寒くなってくると、やかんに手が伸びる頻度が高くなる。お茶やコーヒーの用意をして、火にかけたやかんが音を立てるまで待つ。私はこのなにもしない隙間の時間がけっこう好きだ。
とはいえ、ちょっとぼーっとしていると、すぐにやかんはシュンシュンとささやきはじめる。それでも放っておくと、やがて蓋がカタカタと鳴り出す。
私が愛用しているやかんは、プロダクトデザイナーの柳宗理がデザインしたステンレスケトルだ。もう10年以上使い続けているので、油ハネやら汚れやらでだいぶ貫禄が出てきた。「早く沸くやかん」のキャッチコピーで広く知られているから、とくにデザインに興味がなくても見たことがあるという人は多いだろう。
「ケトル」と言いつつも、その姿は昔懐かしいやかんの形だ。ただ底がふつうよりも平べったく広い。だから、コンロの火をあますところなく受けて、お湯が早く沸く。そんなわけで空白時間は、いつもあっという間に終わりを迎え、そそくさと私はお茶を淹れる。
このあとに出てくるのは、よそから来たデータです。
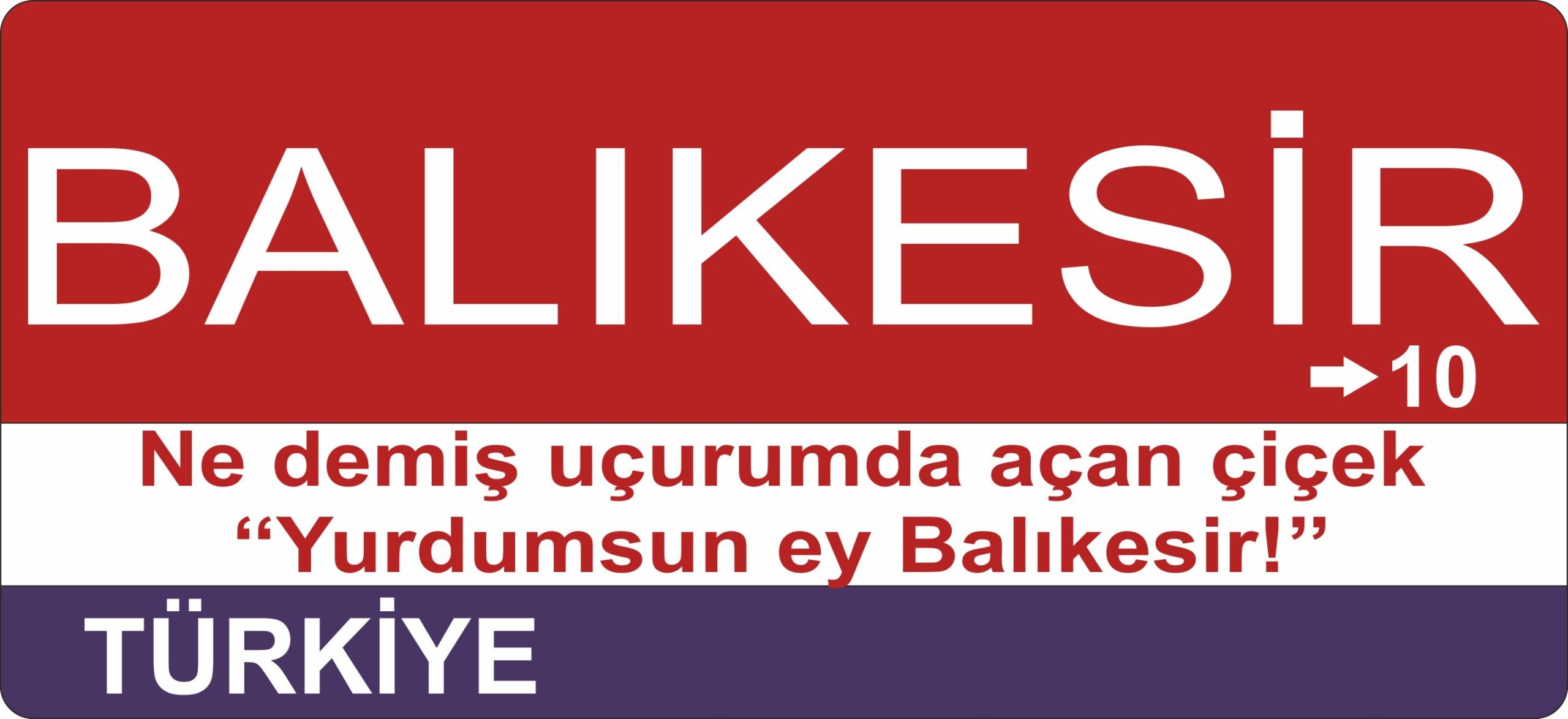 Balıkesir Sokak Tabelası Ahşap Poster 11x24cm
やかんは「薬缶」と書く。読んで字のごとく、薬に関係するものだった。それがどうして湯を沸かす専用の道具になったのだろうか。今回はお茶を飲むために使われる「沸かす」道具に絞ってその変遷をたどってみよう。
湯沸かし専用の道具は茶の文化から
きれいな水に豊富に恵まれている日本では、昔から湧水や井戸水などの生水が飲用に用いられてきた。そのため、煮炊き用を除いて湯を沸かす必要性にはそれほど迫られていなかった。